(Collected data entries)
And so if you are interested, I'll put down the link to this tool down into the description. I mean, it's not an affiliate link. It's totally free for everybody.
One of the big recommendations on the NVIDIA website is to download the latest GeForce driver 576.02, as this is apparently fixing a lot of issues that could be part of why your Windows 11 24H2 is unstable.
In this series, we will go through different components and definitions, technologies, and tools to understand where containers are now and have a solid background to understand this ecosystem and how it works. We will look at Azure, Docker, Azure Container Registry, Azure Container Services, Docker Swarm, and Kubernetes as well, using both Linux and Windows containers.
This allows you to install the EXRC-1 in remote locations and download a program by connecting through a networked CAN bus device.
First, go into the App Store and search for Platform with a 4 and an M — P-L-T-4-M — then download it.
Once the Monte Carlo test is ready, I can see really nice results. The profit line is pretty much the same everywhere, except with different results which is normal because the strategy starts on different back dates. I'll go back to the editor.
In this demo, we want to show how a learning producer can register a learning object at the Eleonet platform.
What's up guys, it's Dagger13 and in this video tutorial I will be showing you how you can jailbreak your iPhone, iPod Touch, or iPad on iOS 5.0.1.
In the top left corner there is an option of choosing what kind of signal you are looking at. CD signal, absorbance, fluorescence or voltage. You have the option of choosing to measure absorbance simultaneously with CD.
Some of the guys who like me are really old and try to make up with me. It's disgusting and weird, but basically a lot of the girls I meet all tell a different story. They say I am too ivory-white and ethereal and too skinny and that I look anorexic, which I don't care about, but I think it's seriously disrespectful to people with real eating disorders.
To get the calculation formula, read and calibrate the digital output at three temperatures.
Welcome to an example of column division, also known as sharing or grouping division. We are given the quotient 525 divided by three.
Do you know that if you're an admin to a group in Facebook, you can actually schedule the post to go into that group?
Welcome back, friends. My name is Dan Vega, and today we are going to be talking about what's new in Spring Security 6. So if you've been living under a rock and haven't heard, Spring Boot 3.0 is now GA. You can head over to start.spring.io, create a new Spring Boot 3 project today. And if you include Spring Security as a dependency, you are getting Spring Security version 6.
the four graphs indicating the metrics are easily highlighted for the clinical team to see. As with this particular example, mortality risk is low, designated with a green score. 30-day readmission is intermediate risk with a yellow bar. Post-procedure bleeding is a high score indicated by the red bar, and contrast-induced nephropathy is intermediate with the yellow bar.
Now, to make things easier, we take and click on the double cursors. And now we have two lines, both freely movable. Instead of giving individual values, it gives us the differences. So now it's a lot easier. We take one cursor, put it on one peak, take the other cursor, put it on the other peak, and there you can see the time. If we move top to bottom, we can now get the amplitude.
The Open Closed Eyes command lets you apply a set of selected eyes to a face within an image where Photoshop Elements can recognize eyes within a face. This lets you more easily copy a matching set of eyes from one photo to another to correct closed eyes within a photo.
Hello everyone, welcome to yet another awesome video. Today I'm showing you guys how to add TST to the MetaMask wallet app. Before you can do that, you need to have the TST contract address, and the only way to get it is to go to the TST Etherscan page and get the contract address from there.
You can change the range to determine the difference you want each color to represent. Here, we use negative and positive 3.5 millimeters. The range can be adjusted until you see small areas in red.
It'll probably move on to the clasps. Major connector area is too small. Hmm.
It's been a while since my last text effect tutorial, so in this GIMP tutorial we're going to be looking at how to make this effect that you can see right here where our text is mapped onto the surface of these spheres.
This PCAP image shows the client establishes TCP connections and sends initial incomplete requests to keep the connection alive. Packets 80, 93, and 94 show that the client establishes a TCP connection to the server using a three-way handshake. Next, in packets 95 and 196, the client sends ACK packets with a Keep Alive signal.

▸ TASK DETAILS
A word-for-word copy of the lines above from the one with "In the top left" through the one with "To get the calculation", inclusive, is the only output wanted.

▸ EXERCISE RESPONSE
In the top left corner there is an option of choosing what kind of signal you are looking at. CD signal, absorbance, fluorescence or voltage. You have the option of choosing to measure absorbance simultaneously with CD.
Some of the guys who like me are really old and try to make up with me. It's disgusting and weird, but basically a lot of the girls I meet all tell a different story. They say I am too ivory-white and ethereal and too skinny and that I look anorexic, which I don't care about, but I think it's seriously disrespectful to people with real eating disorders.
To get the calculation formula, read and calibrate the digital output at three temperatures.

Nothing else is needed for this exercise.